March 1982

The Induction of ManiaA Natural History Study With Controls

Author Affiliations

From the Department of Psychiatry, University of Iowa College of Medicine, Iowa City (Dr Winokur). Dr Lewis is in private practice in Newton, Iowa.

Arch Gen Psychiatry. 1982;39(3):303-306. doi:10.1001/archpsyc.1982.04290030041007

• Previous reports have indicated that tricyclic antidepressants (TCAs) induce mania, but the studies suffer from lack of control groups. This study included 137 unipolar and 157 bipolar patients, all having two or more admissions to the same hospital.
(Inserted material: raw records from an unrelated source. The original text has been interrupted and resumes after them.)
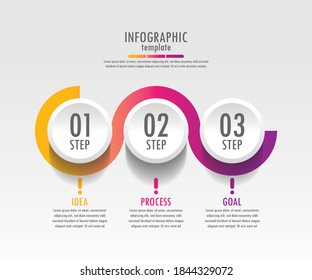 Presentation business infographic template with 3 step
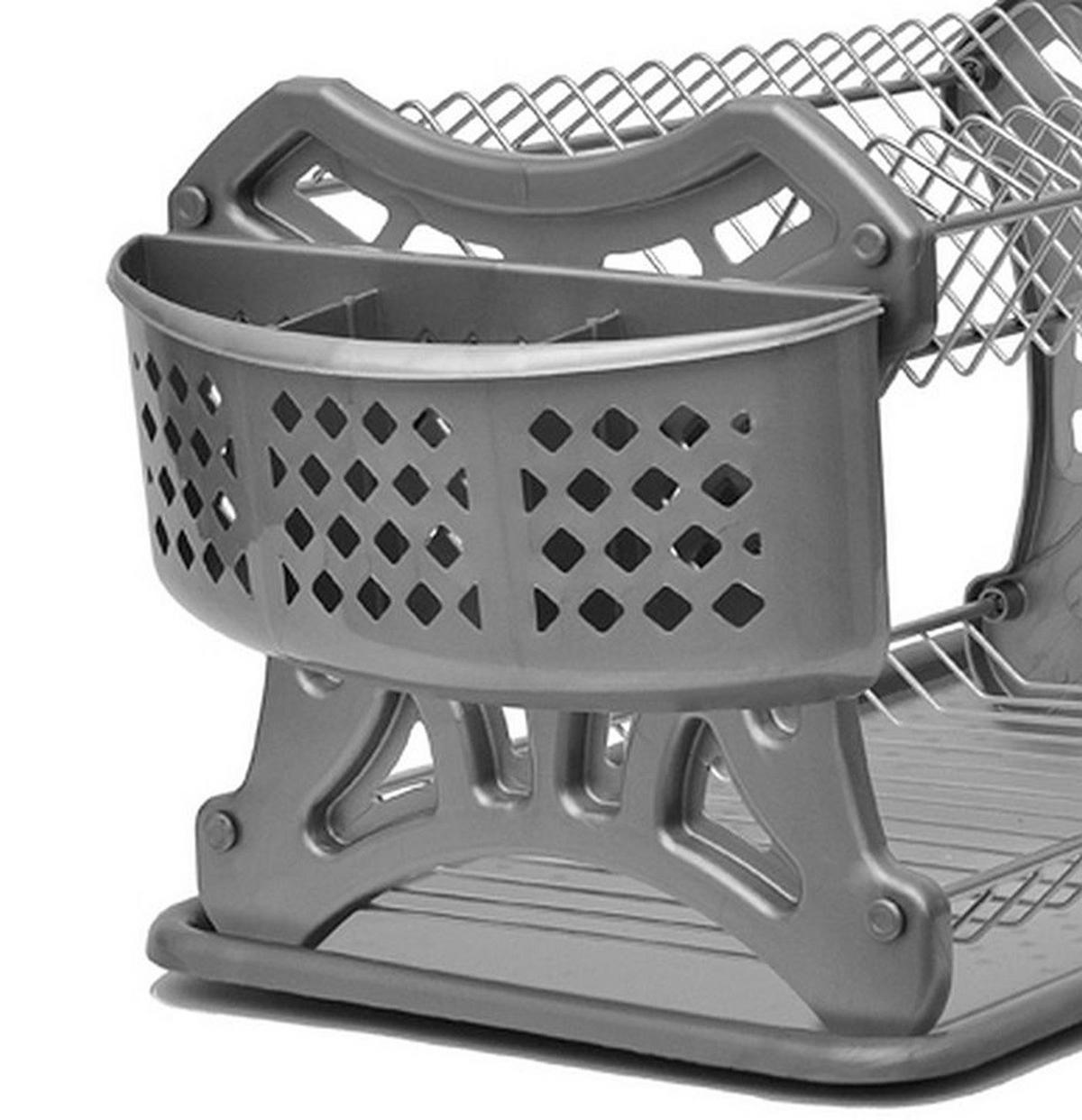 ABTROPFGESTELL 2 Etagen mit Untersetzer und Besteckkorb - Grau, Kunststoff (40/24/24cm) - DanDiBo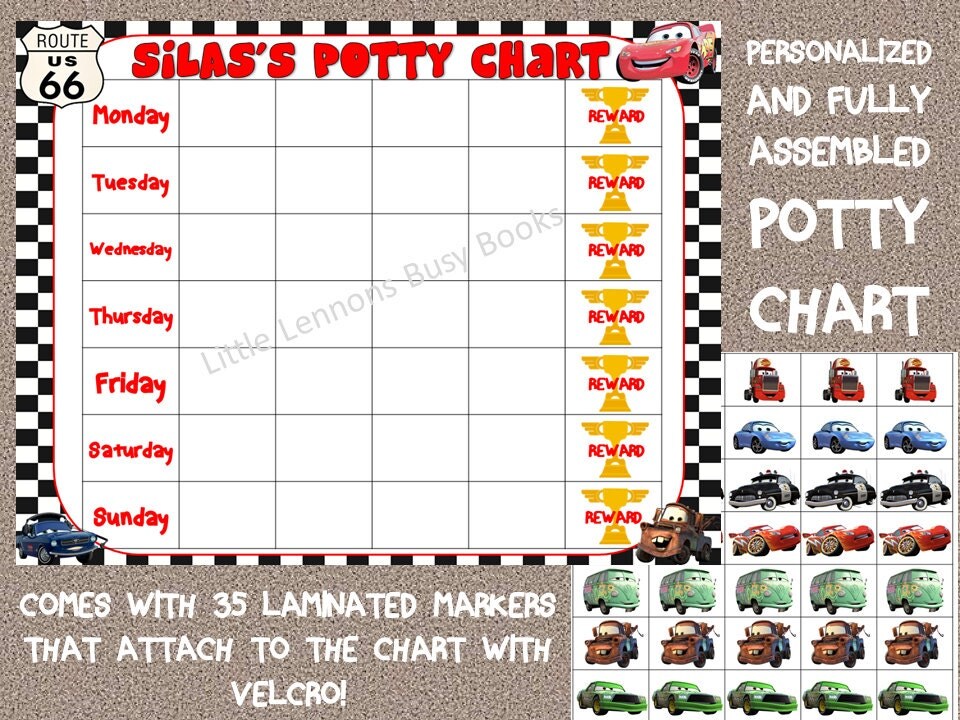 Potty Chart Cars Themed Days of the Week laminated velcro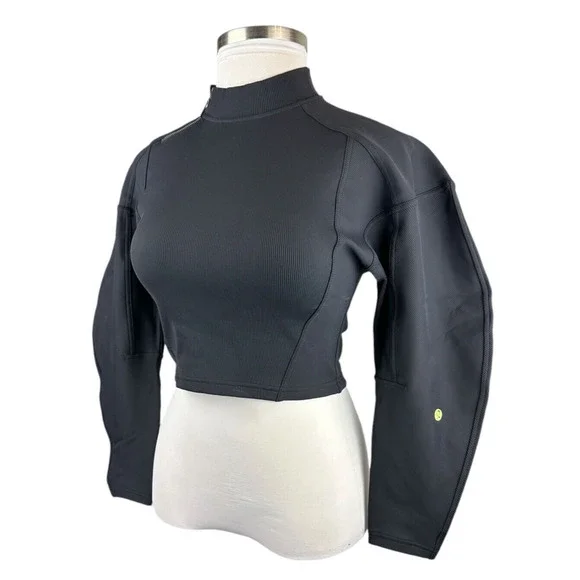Lululemon Ribbed Luxtreme Wide Sleeve Pullover Black Crop Women's No Size Tag - Picture 4 of 15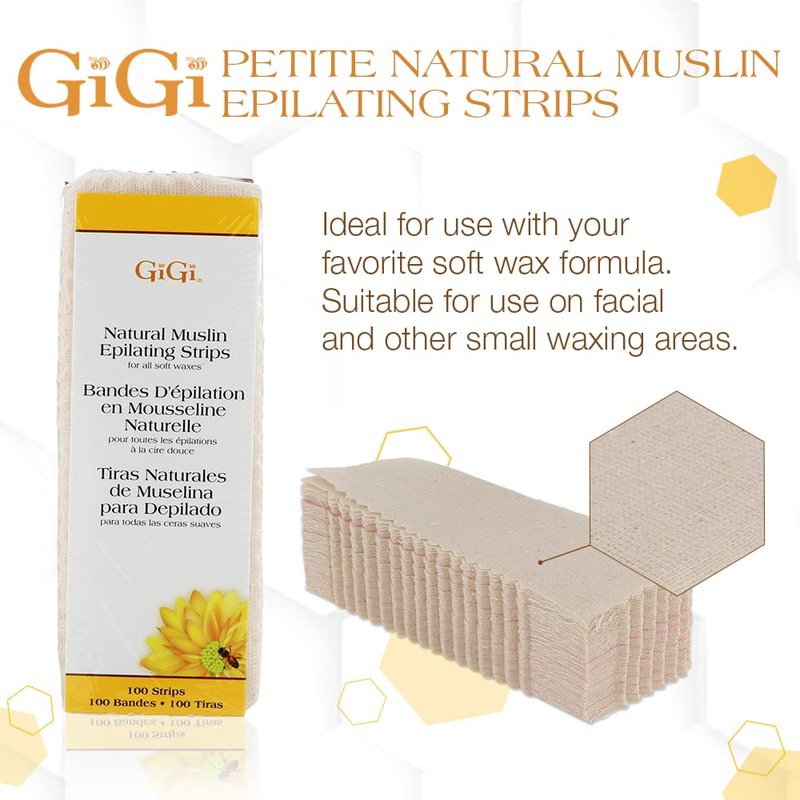 GiGi Waxing Strips for Hair Waxing/Hair Removal, Small Natural Muslin, 100 Epilating Strips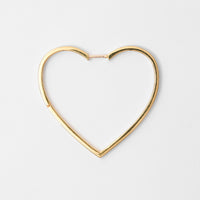 Hoop heart pierced earring ( large / gold)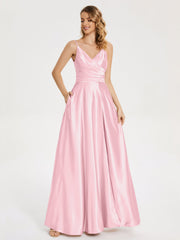 Split Soft Satin Prom Dresses
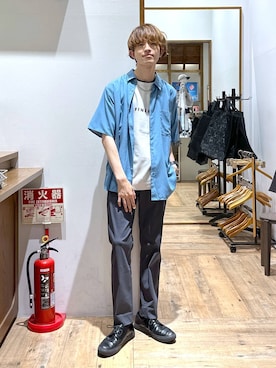 「GLOBAL WORK（グローバルワーク）のアイテム（シューズ）」を使った、おのさん（メンズ・175cm）の夏コーディネート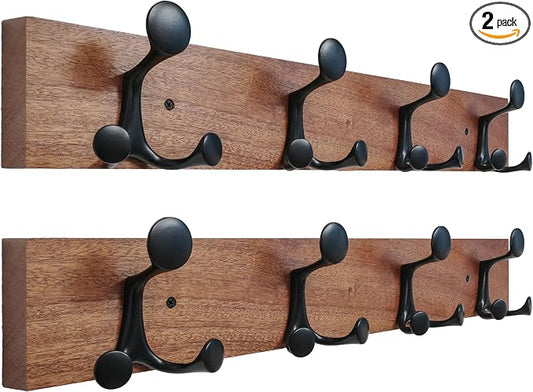 SKOLOO 24-Inch Wood Coat Rack Wall Mount with 4 Triple Hooks - Ideal for Family Entrances, Classrooms, and Pet Supplies Storage - Perfect Coat Hooks for Wall,Mahogany (Sapele), Pack of 2 by SKOLOO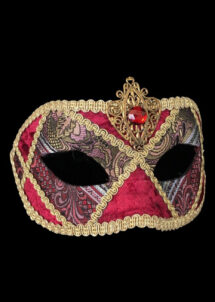 masque vénitien, masque carnaval de Venise, loup vénitien, masque vénitien, masque carnaval de venise, Arlecchino Stoffa, Passementerie Rouge, Vénitien Fait Main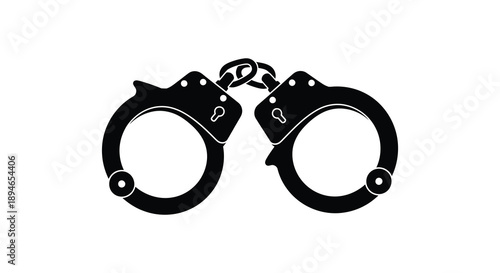 A stark black silhouette of a pair of closed handcuffs represents restriction and law enforcement a powerful silhouette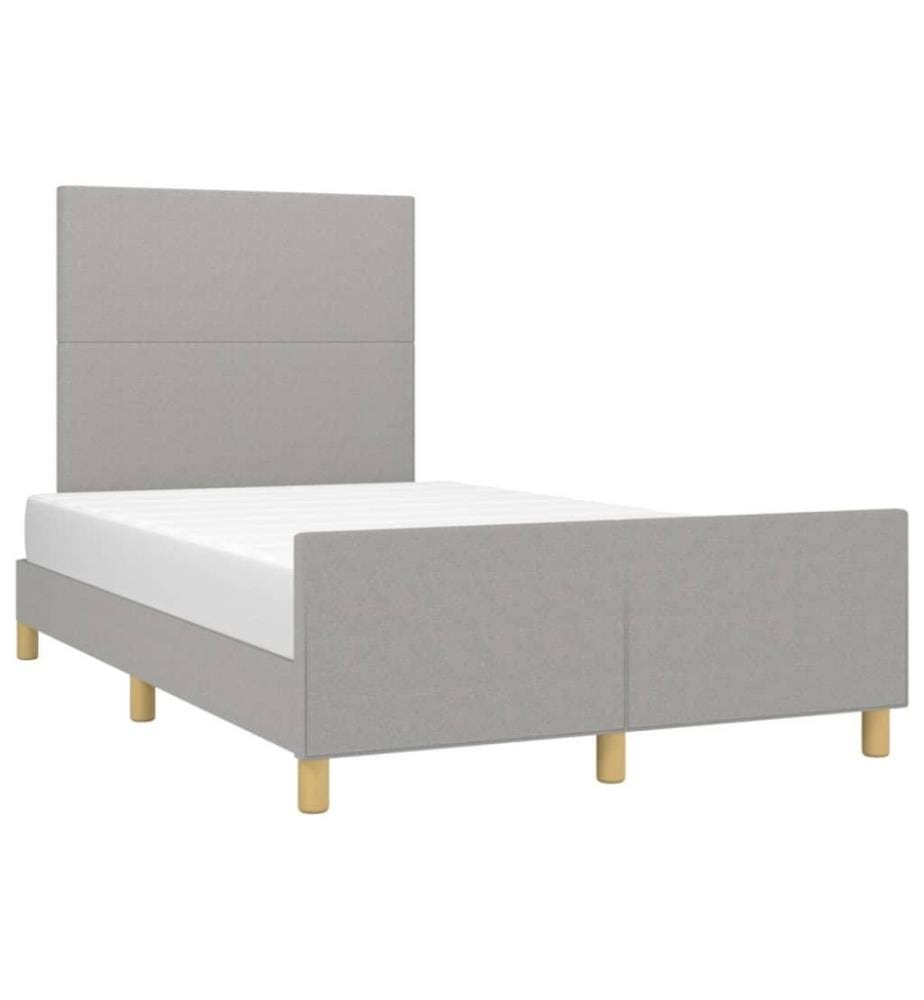 Bettgestell mit Kopfteil Hellgrau 120x200 cm Stoff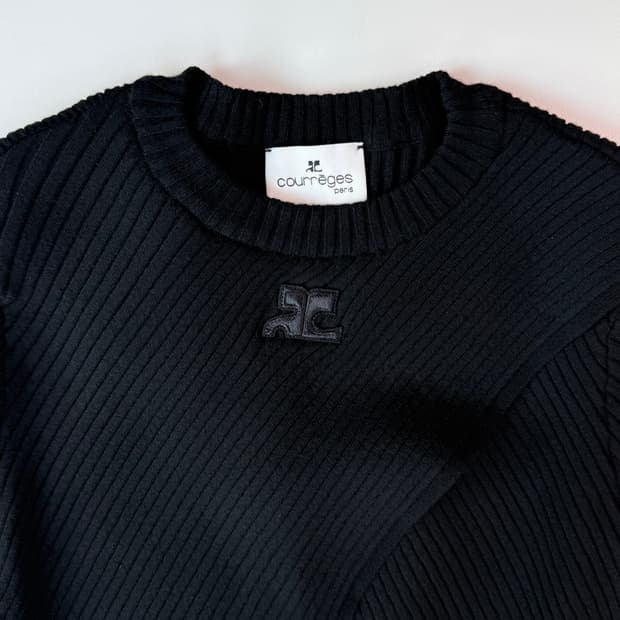 Courrèges Rib Knit Logo Long Sleeve Top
In many cases, the same patients were treated at one time with TCAs and at another time with no somatic therapy at all. Most patients who switched (20/23) were bipolar. Twenty-seven bipolar patients receiving no treatment had a 41% switch rate (rate/person). They had 32 admissions, and the rate of switch while receiving no treatment was 34% (rate/admission). Twenty-six patients receiving tricyclics had a 28% switch rate; for these, there were 30 admissions and the switch rate was 23%. Thus, it appears that the rate of induction of mania by TCAs is not greater than what one would expect from the natural history of the illness itself. Validity of these findings is attested to by the fact that lithium carbonate and neuroleptic treatment, as expected, significantly prevented the induction of mania.